PROBLEM:
What is needed is an exact reproduction of the listing, without its pictures.

***** GIVEN DATA *****

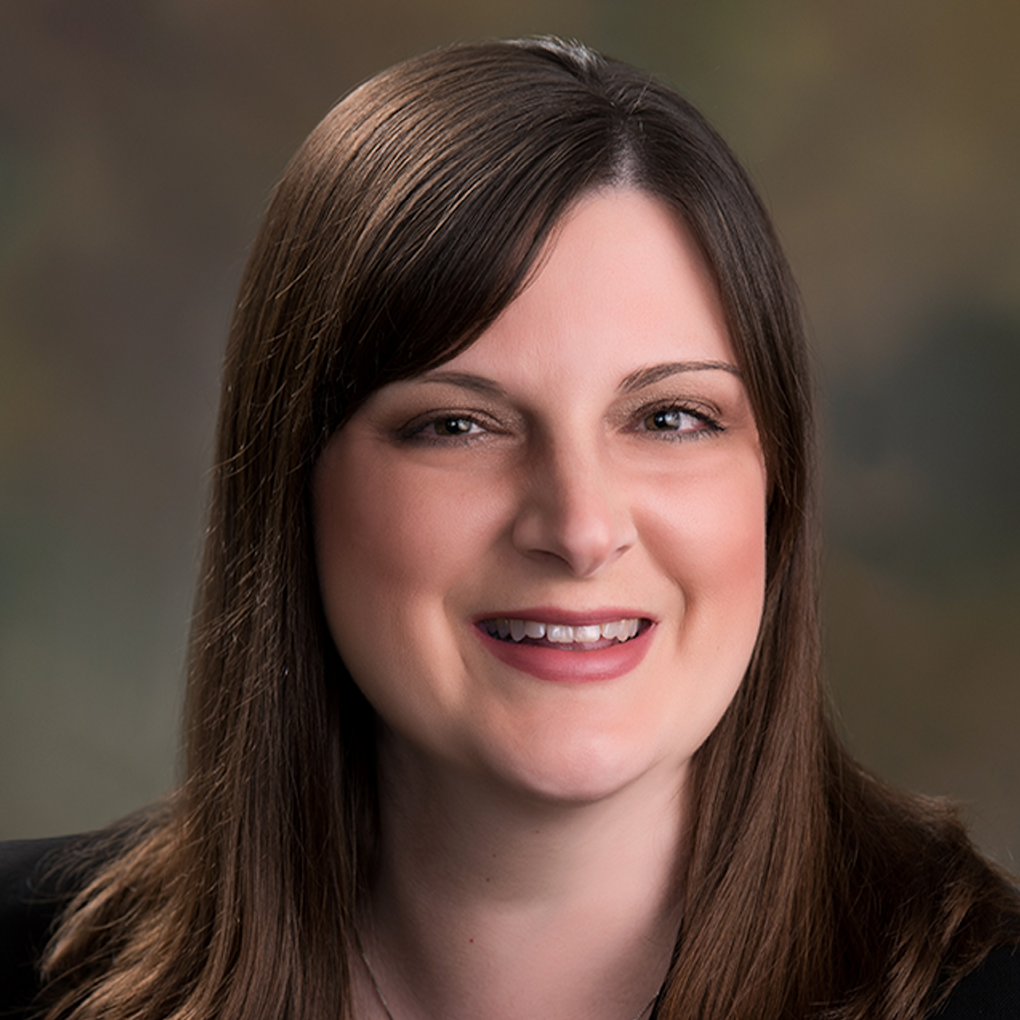 A woman with long brown hair is smiling for the camera.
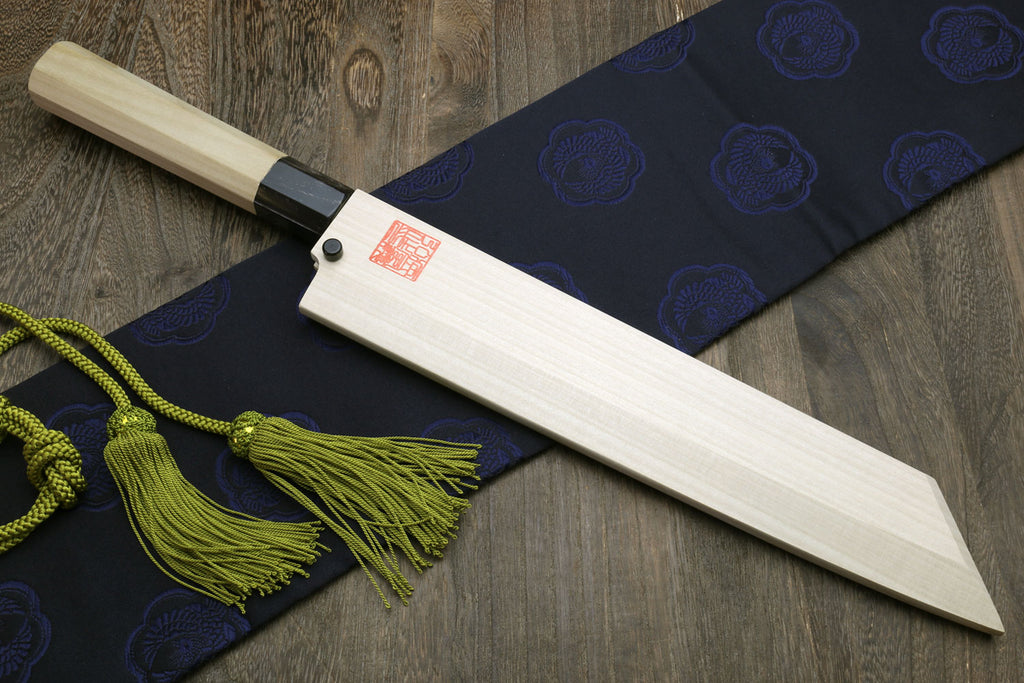 Japanese chef knife with wooden sheath and magnolia handle, green tassel cord.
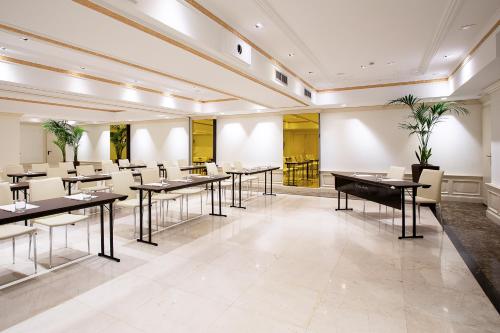 a restaurant with tables and chairs in a room at Hotel Fenix Gran Meliá - The Leading Hotels of the World in Madrid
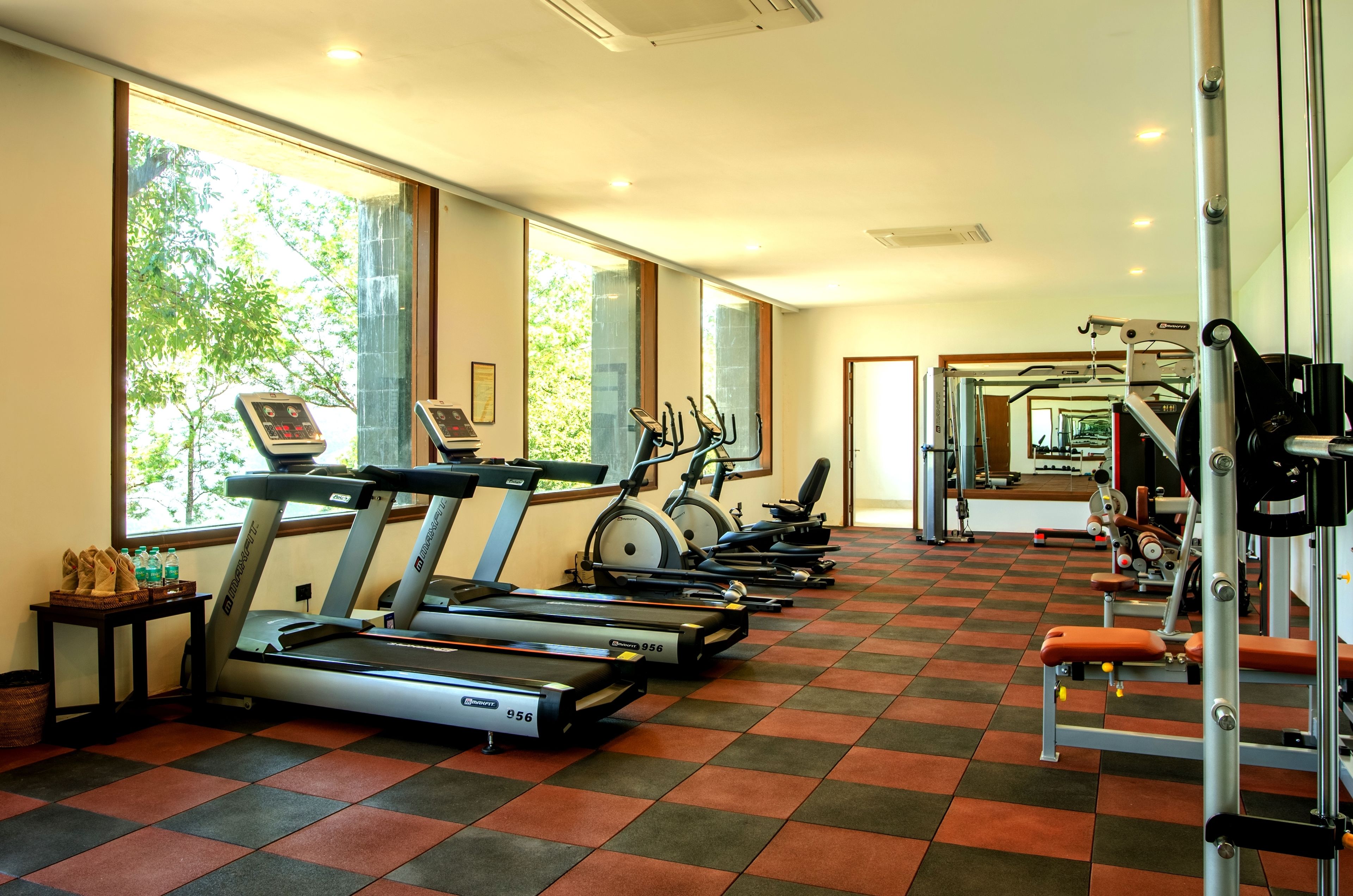 Un gimnasio con cintas de correr, bicicletas estáticas y máquinas de pesas.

*****

WRITTEN REPLY:
 A woman with long brown hair is smiling for the camera.
 Japanese chef knife with wooden sheath and magnolia handle, green tassel cord.
 a restaurant with tables and chairs in a room at Hotel Fenix Gran Meliá - The Leading Hotels of the World in Madrid
 Un gimnasio con cintas de correr, bicicletas estáticas y máquinas de pesas.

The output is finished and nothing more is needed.